TASK GOAL: Every line of the data below should be retyped exactly.

[Data records]

───

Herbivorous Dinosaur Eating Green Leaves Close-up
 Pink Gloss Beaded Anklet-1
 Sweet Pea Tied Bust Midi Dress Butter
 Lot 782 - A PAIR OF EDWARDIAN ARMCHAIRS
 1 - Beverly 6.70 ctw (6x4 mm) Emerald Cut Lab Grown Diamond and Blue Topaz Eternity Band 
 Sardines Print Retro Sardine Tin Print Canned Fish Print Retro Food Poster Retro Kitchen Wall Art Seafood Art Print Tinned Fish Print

───

ANSWER BELOW:
Herbivorous Dinosaur Eating Green Leaves Close-up
 Pink Gloss Beaded Anklet-1
 Sweet Pea Tied Bust Midi Dress Butter
 Lot 782 - A PAIR OF EDWARDIAN ARMCHAIRS
 1 - Beverly 6.70 ctw (6x4 mm) Emerald Cut Lab Grown Diamond and Blue Topaz Eternity Band 
 Sardines Print Retro Sardine Tin Print Canned Fish Print Retro Food Poster Retro Kitchen Wall Art Seafood Art Print Tinned Fish Print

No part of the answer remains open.